その方のオフィス近辺は銀座のようなところで、私は高くて買えないようなお洋服が、ウインドーに飾られていて、
本来ならしっかりとウインドーショッピングもする予定だったのに、
胸が痛くてそんな余裕はなし。

結局歩きながら考えることは、そろそろブラを常時着けないといけないかな、なんて。

ようやくトップとアンダーが10cm程度でAカップになったけれど、ブラが必要なほどの大きさでもないし。
でもこのままだと、日常生活にも支障が出るし…

うーん、どうしたらいいの。



317日

今日から思い切ってブラを着けて出社することに。
少なくともこちらはまだ冬で厚着ですからね。

ハーフカップでカップ部分も少し硬いから、保護機能もあって快適なの。
黒に白の水玉地に赤い薔薇が散りばめ、カップ上部にはレースが施されていて、すごく可愛いデス。
モチ、上下セットです。でもショーツはお尻をほとんどカバー
していなく、ちょっと寒かったナ。しかも生地も薄いし。

先週までの不快な思いがウソのよう。これで、混雑した場所で、反射的に胸を掴むようにして、保護しようといった、
周りから見ると変な癖が取れそう。



322

最近の私の心は梅雨状態。つまり泣かなかった日がほとんどないほどの日々。

そんな私を励まそうと彼女は二人の共通の急遽お友達を集め、ちょっとしたホームパーティーを開いてくれたの。
お友達は、彼女を通して私がおクスリを始めたことを知っていることもあり、あえて「まりな」としてみんなを
お迎えするのは、大きなストレスがあったのですが、彼らに本当の私を知ってもらおうとそうすることに。

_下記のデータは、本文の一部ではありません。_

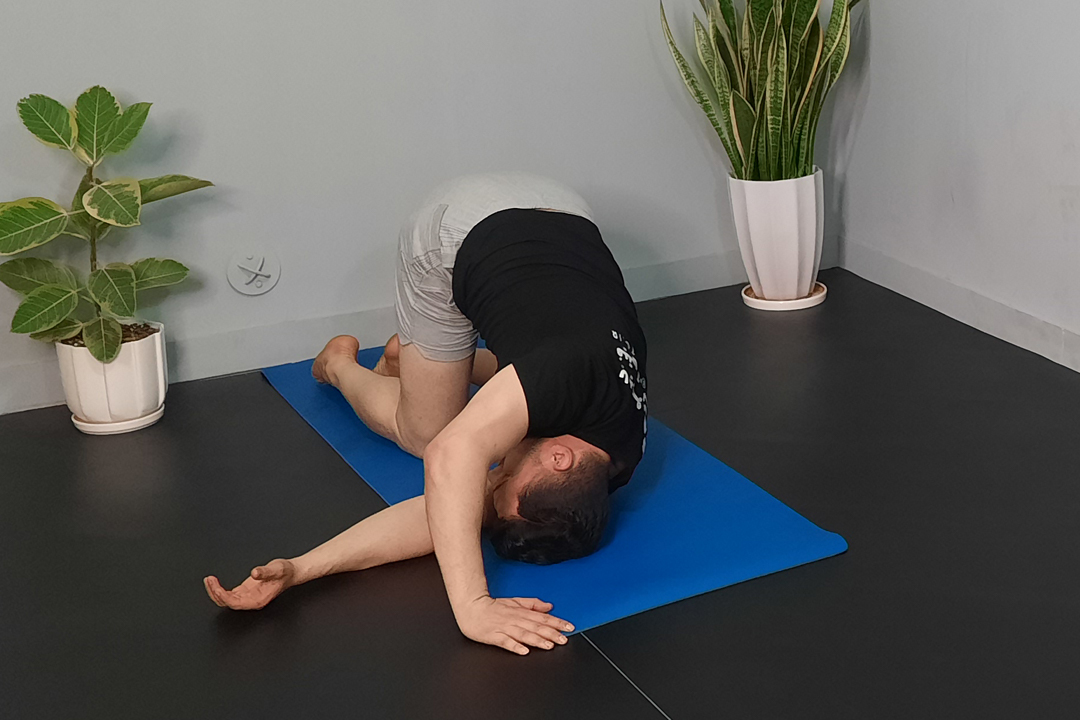 کشش سرشانه دست خارج بدن روی زانو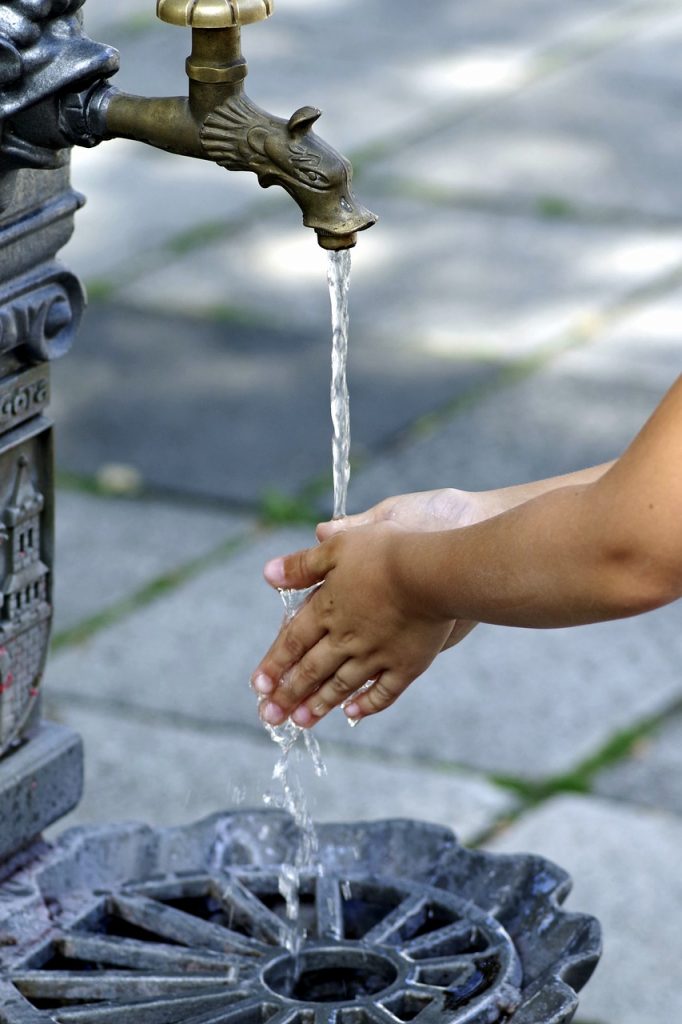 Händewaschen mit sauberem Wasser – Hygiene und Gesundheit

最初はみんなに絶対キモイと思われているだろうなといった不安が頭からは離れず苦痛。
ワインのおかげで少しリラックスした頃、誰かが今日はクリスマスみたいだねといった事から、セリーヌ・ディオンの
クリスマスソングとキャンドルで雰囲気を盛り上げました。

そして、しばらくして何気なくお外を見ると粉雪が舞っている。
こんどはみんなで枯れ木を集め、暖房を止め、久々に暖炉に火を灯し気分はちょっとしたホワイトクリスマス。
ちょっぴり、ロマンチックな「まりな」のお披露目に。

この場を設けてくれたパートナーの愛情と、暖炉の炎により心を温められた私は、昨年夏に「まりな」としての
道を歩もうと思って以来、この日初めて心の底から笑うことができたの。


そしてこの日のために彼女が準備してくれたメニューは下記のとおり。
もちろん私もお手伝いしました。

                          アペリティフ
                             *
                        なすのプチラザーニャ
                             *
                  サーモンとじゃがいものキッシュとサラダ
                             *
                         きのこのリゾット
                             *
                3色レタスサラダとグリーンアスパラガスのソテー
                             *
                   メルルーサのグリル 白ワインソース

                            または

              サーロインステーキ ロックフォールチーズソース
                             *
         アイスクリーム(ティラミス、ホワイトチョコ、ブラックチョコ)_既製品(^_^)
                             *
                     コーヒーまたは紅茶、プチガトー
                             *
                           食後酒


なかなかのボリュームでしょう。軽く3時間は食事にかかっちゃった。
本当に優雅なひと時。

これを見てくれている未来のお友達とこんな風にお食事をしたいナ。
こんな夢をまりなはひそかに持っています。



3月29日
そろそろ髪の色が汚くなってきていたので、また茶色に染め直したの。
実は先週も染めたものの、いつものカラーリング剤がなく、似たものを試したら、少し色が濃く出たのね。
おクスリを始めたとはいえ、まだ髪質は元の姓のままで、強いから結構平気だったりして。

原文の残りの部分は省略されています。